The vitriol that's been spewed towards Colby Rasmus by an overwhelming number of Blue Jays fans this offseason is nothing if not perplexing.
I say this because I’m certain many of these fans quick to brand Rasmus as a prospect that never materialized also belong to the pro-Travis Snider camp. Of course, there are subtle variations in their respective pedigrees, but fundamentally, they’re astonishing similar.
Both players were drafted out of high school in first round -- Rasmus in 2005; Snider in 2006. Both players excelled in the minor leagues -- Rasmus posted an OPS of .852 in 417 minor league contests; Snider sits at .901 over 439 games. And though it’s a purely superficial observation, both players possess a kind of abrasive haughtiness that’s tolerable so long as the production is there.
And yet the dichotomy in sentiment towards the two couldn’t be more dramatic. Travis is the golden-boy who’s simply a victim of developmental mismanagement while Rasmus is the uncoachable rogue with a bad attitude and equally unsavory reputation that St. Louis was happy to dispose of.
Rasmus’ attitude has to be the source of the antipathy because no reasonable person could actually dismiss a 25-year-old with his pedigree after only a scant 140 plate appearances in a Toronto uniform. And unlike Snider, Rasmus has enjoyed more than a modicum of success at the big league level. In his age-23 season, Rasmus posted a .276/.361/.498 line, along with 23 homeruns, 66 RBIs, and 12 stolen bases. His 132 OPS+ that season ranked 13th in the National League.
Yes, his brief stint with Toronto at the end of 2011 was discouraging, but bear in mind that he was struggling with a wrist injury for much of that time, not to mention the task of acclimating himself to a new country, new clubhouse, new teammates, and a new organizational philosophy. And frankly, I surmise that it was difficult for Rasmus to endear himself so quickly to a new team considering the reputation that continually precedes him.
Looking deeper into Rasmus’ 2011 struggles, it seems as though his lack of success was, at least partially, due to some rotten luck. His BABIP (batting average on balls in play) was .267 for the season, more than 30 points below the putative league average. Upon arriving in Toronto, his BABIP dropped to a microscopic .217, indicating that he was even less fortunate north of the border. Of course, his lofty .354 BABIP from 2010 is likely not a sustainable figure, but it’s reasonable to believe that his true ability lies somewhere in between the two extremes. And while the production left something to be desired in 2011, he did manage to cut his strikeout rate down to 22.1% from 27.7% the year before.
Earlier this offseason, Kevin Goldstein of Baseball Prospectus polled a group of eight major-league general managers as to whether they’d rather have Rasmus or Cuban-defector-turned-Oakland-Athletic Yoenis Cespedes as their team’s centrefielder. Six of the eight GMs picked Cespedes. Among those who preferred the Cuban, at least two of them cited Rasmus’ character issues in their reasoning.
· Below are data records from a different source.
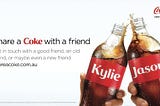 The Successful Recipe of Coca-Cola’s ‘Share A Coke’ Campaign.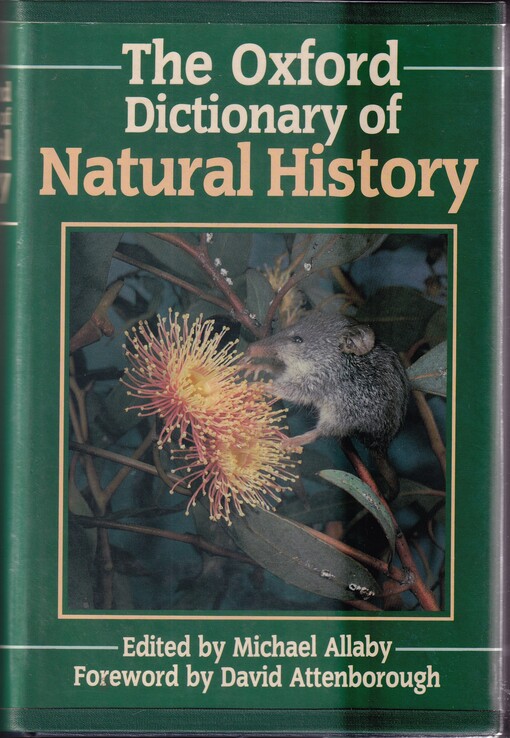 The Oxford dictionary of natural history
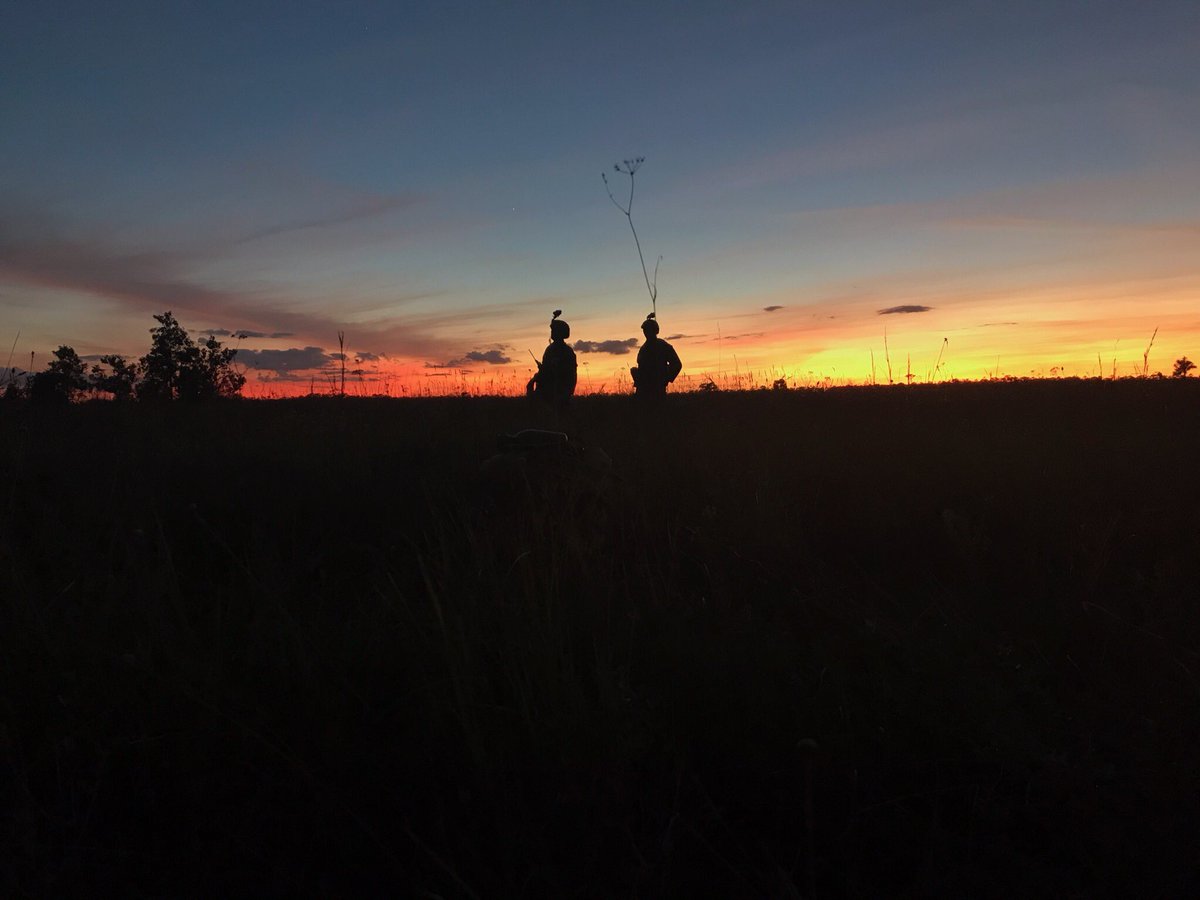 822SAFESIDE's tweet photo. Members of Eight Double Deuce adjust their fields of fire as sun begins to set on their Patrol Base at Avon Park Gun and Bombing range. #safesideworldwide #GE19 https://t.co/xKHjlytBPV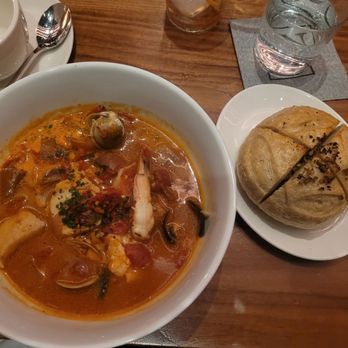 Nick's On State - Ciopinno and homemade sour dough - New American Near Me - Carlsbad, California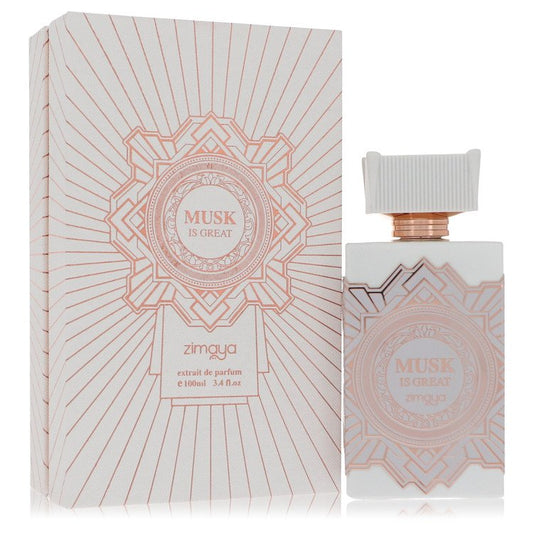 Afnan Musk is Great by Afnan Extrait De Parfum Spray - Fragrance Spice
“I don't like the swing, and there's something about the J.D. Drew way he goes about things," one AL scouting executive said.
“I just don't buy the whole 'Tony La Russa turned this guy into a bad player' thing," said another American league front office member.
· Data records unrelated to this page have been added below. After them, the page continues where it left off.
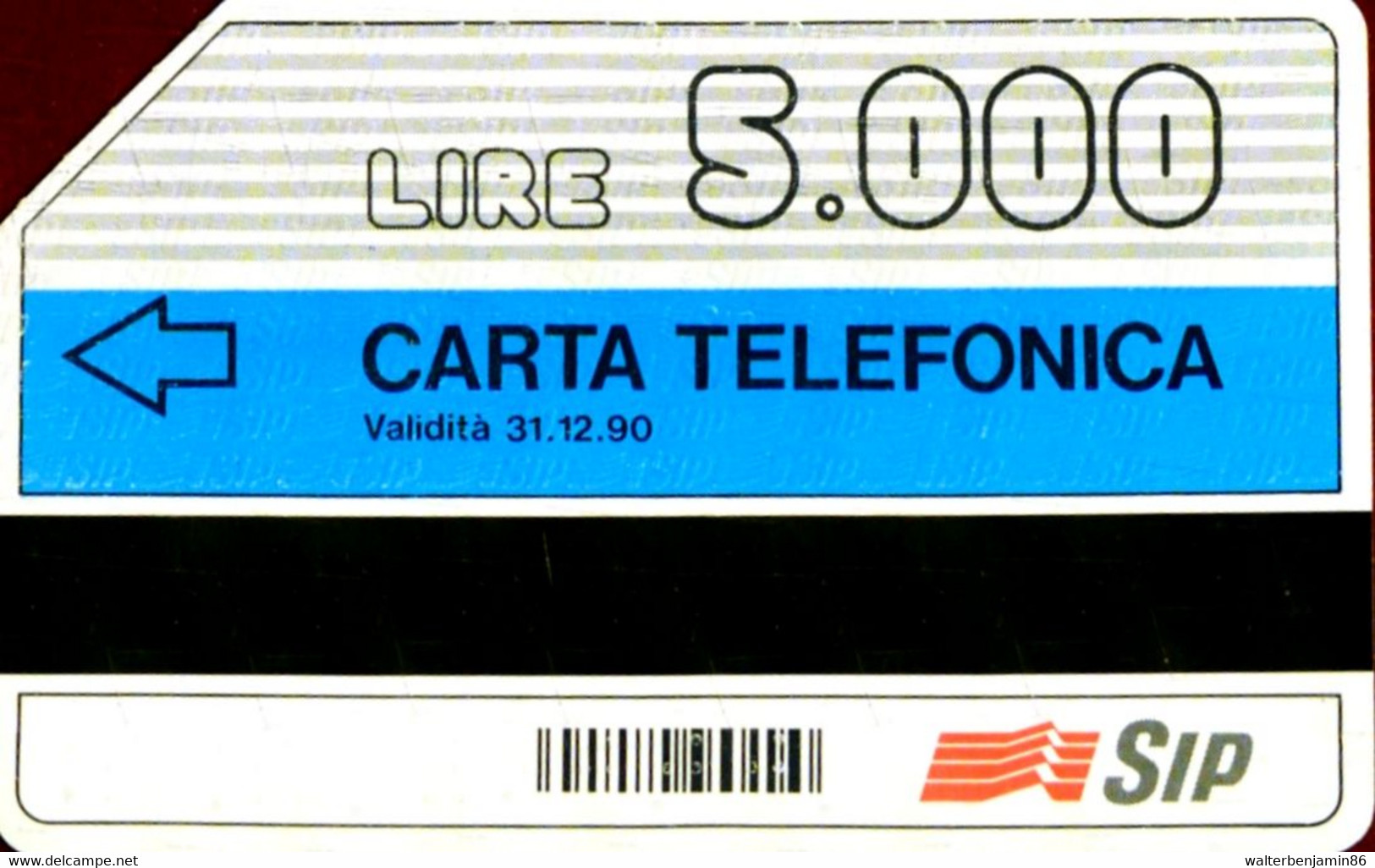 G P 198 C&C 2128 SCHEDA TELEFONICA USATA TURISTICA VALLE D' AOSTA SARRIOD 5 TEP - Public Precursors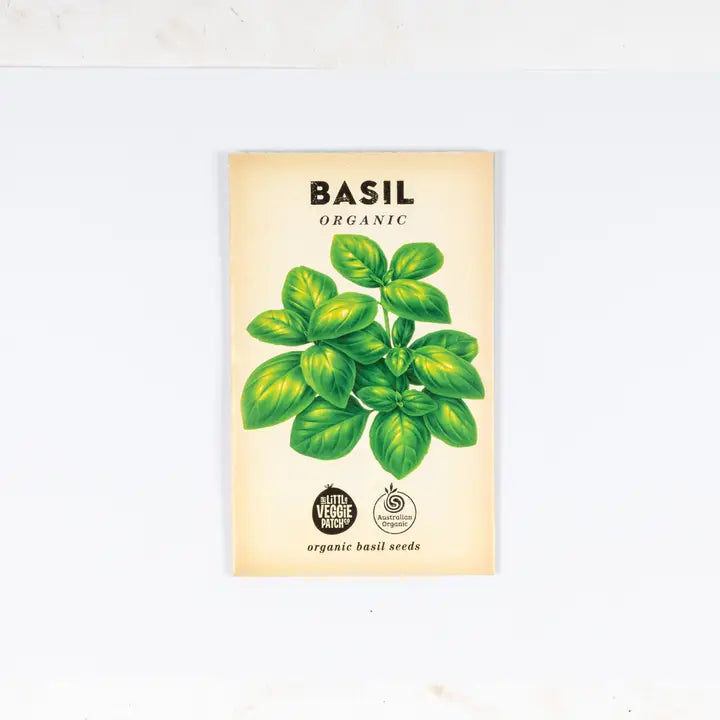 Heirloom Seed Packet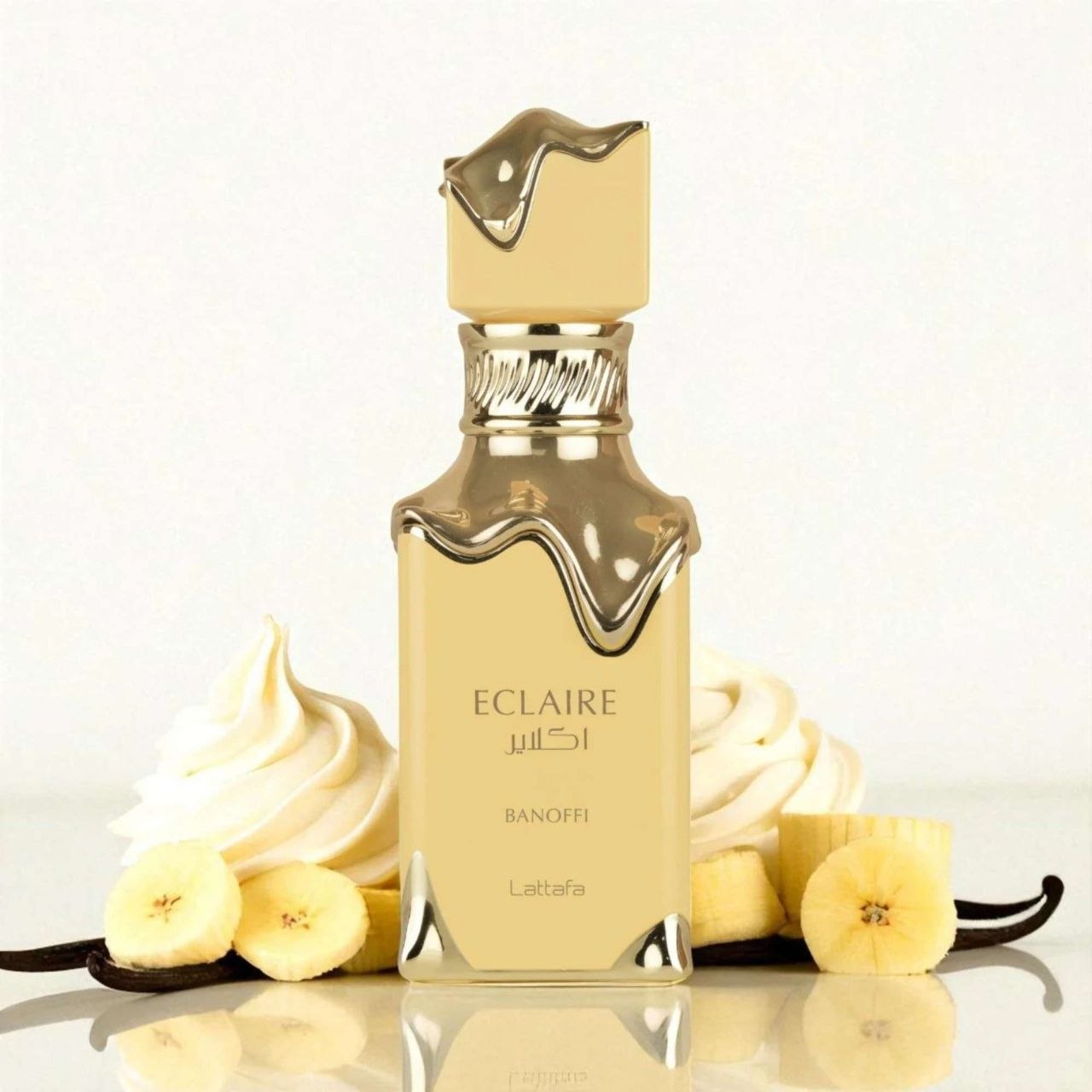 عطر و ادکلن  ECLAIR BANOFFI اکلایر بانوفی شرکت لطافه حجم100ml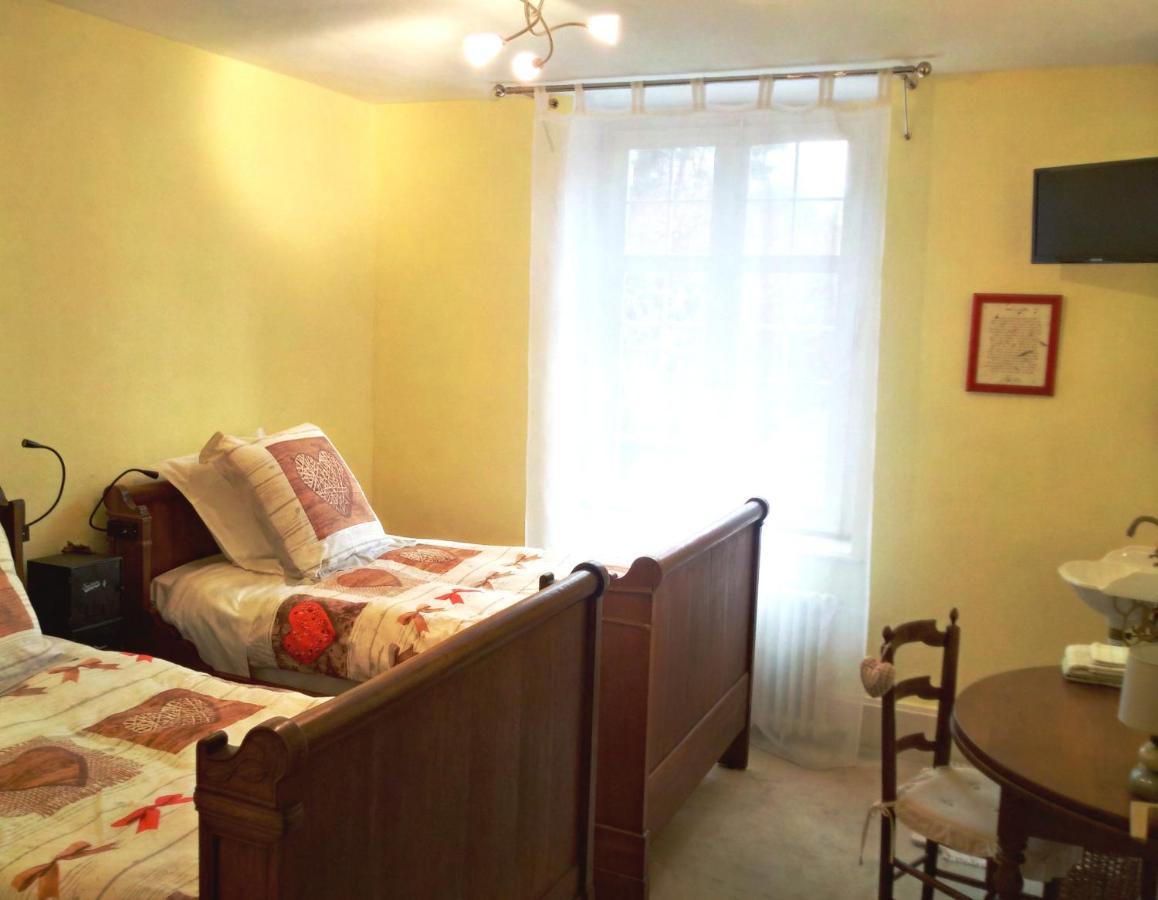 Le Prieure Hotel Aydoilles Eksteriør billede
While coachability and attitude are certainly relevant attributes, the list of successful, even superstar-caliber athletes whose personalities are little less than abhorrent is an extremely extensive document.
Furthermore, the beautiful thing about computerized projections is that they don’t care about character flaws, perceived or legitimate. They don’t care if you don’t run out ground balls. They don’t care if you’re taciturn with the media. Incidentally, PECOTA predicts that Rasmus will enjoy a modest bounce-back in 2012, with a .252/.321/.442 line, along with 20 homers and 70 RBIs.
And for those insisting that Rasmus’ abysmal numbers this spring in any way portend the inevitability of an equally disappointing regular season, to you I say, it’s Spring Training.
Go look up Gabe Gross.
So for those Snider enthusiasts who are also calling for Rasmus’ conspicuously unkempt head, please note the inherent hypocrisy. You can’t reasonably support one and condemn the other. Otherwise, you’re just as inconsistent as they are.